Three huge bags wedged under the handlebar of his red and white moped, Oleksandr rushes through the winding trails of the Donbas region, eastern Ukraine, to deliver bread to remaining locals.
Almost every day, Russian strikes hit the town of Siversk, about 10km (6.2 miles) from a front line that has barely moved since last summer.
Oleksandr has just picked up the bread at the Siversk town hall humanitarian centre, which gets about 2,500 loaves twice a week from the cities of Kramatorsk and Kostiantynivka.
“We need to drive fast, so that nothing catches up with us,” Oleksandr says, referring to potential shelling.
Under the spring sun, the 44-year-old drives at full speed until he reaches a dirt road lined with small houses and blossoming trees.
He starts the day’s deliveries at his neighbours, just across from his own house.
Olena Ishakova, 62, comes out of her home in a long blue dressing gown with yellow pockets and collars.
“On Tuesdays, we get two loaves of white bread, on Thursdays we get sweet bread and black bread,” Ishakova says.
She grabs the loaves wrapped in bags stamped with the logo of the “World Food Programme”.
Ishakova’s daughter and granddaughter were evacuated last February towards the calmer west of Ukraine, but she stayed in Siversk with her husband.
In July and August, Russian forces launched small unsuccessful assaults on the town that they also shelled.
The eastern part of Siversk with its high buildings was the worst damaged, while the western part and its smaller houses were relatively spared.
“It’ll be a year since we’ve had any electricity on May 5,” Ishakova says, with the pounding of artillery shots in the background.

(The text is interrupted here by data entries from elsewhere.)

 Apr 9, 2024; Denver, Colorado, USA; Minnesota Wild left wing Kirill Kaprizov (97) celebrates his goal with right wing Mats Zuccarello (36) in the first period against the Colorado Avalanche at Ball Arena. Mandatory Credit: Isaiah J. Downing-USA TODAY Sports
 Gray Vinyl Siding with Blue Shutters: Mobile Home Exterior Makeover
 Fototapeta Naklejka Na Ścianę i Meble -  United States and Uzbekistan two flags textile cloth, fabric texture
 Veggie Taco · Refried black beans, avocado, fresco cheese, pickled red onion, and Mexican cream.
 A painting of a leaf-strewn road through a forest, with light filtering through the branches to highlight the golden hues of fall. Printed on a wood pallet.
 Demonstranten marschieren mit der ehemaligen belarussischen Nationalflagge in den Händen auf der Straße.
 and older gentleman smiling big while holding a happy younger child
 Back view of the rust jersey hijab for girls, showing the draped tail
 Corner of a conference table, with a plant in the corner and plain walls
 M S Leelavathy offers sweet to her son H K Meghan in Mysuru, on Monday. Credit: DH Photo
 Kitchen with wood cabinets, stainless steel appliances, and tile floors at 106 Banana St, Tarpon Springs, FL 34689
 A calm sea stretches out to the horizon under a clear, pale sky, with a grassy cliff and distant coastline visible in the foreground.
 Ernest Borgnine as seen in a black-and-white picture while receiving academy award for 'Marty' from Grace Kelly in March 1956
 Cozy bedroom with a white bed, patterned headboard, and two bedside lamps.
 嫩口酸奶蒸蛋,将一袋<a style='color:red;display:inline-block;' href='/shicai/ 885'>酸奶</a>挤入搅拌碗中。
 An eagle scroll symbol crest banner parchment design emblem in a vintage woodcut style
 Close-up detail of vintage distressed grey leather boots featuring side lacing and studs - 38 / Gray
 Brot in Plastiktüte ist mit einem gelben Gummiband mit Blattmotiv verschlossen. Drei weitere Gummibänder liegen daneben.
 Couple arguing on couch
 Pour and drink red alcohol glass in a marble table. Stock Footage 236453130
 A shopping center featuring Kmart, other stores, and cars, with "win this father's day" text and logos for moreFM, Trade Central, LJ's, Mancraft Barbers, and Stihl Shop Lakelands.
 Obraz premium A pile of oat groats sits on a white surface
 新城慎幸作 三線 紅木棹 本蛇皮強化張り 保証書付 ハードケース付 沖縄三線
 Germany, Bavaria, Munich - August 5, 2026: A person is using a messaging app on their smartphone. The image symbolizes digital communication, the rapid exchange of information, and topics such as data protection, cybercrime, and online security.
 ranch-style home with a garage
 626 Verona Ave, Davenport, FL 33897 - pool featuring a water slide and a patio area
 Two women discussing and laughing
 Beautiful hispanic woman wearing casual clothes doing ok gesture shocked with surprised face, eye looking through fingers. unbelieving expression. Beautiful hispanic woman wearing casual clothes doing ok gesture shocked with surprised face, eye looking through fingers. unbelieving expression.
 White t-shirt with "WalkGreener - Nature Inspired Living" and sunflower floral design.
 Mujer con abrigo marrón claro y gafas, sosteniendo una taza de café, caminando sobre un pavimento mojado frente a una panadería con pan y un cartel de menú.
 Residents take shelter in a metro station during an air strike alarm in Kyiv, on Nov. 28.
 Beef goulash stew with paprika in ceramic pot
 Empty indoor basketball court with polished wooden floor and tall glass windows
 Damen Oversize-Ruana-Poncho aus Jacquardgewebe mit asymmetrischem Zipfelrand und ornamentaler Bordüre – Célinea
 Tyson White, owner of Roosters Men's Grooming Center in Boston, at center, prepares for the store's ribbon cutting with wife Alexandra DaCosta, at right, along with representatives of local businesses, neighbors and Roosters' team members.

“We don’t know who is shooting, or from where. We only hear the explosions … I sit in the house, the windows shake, it’s scary, very scary,” she says.
Oleksandr runs into Valentyna Zaruba, a 73-year-old who delivers bread in a neighbouring street.
“I’m in charge of my street, and someone else is in charge of theirs, that’s how we work,” Zaruba explains.
Depending on the days, Zaruba delivers the bread with a wheelbarrow, or with her bike.
The previous night, shelling damaged three homes at the end of the street. An 82-year-old was wounded.
Holding her bike, Zaruba goes to see Lyubov Shcherbak, who is surrounded by a dozen chatty hens and four roosters.
“How can we live without bread? There’s nowhere for us to bake it” in Siversk, she says.
“I don’t know what to think any more. I hope things will get better … I don’t know,” she says, her gaze lost in the horizon.
Zaruba, standing next to her, says she “cannot leave an elderly woman alone. My conscience just won’t let me.”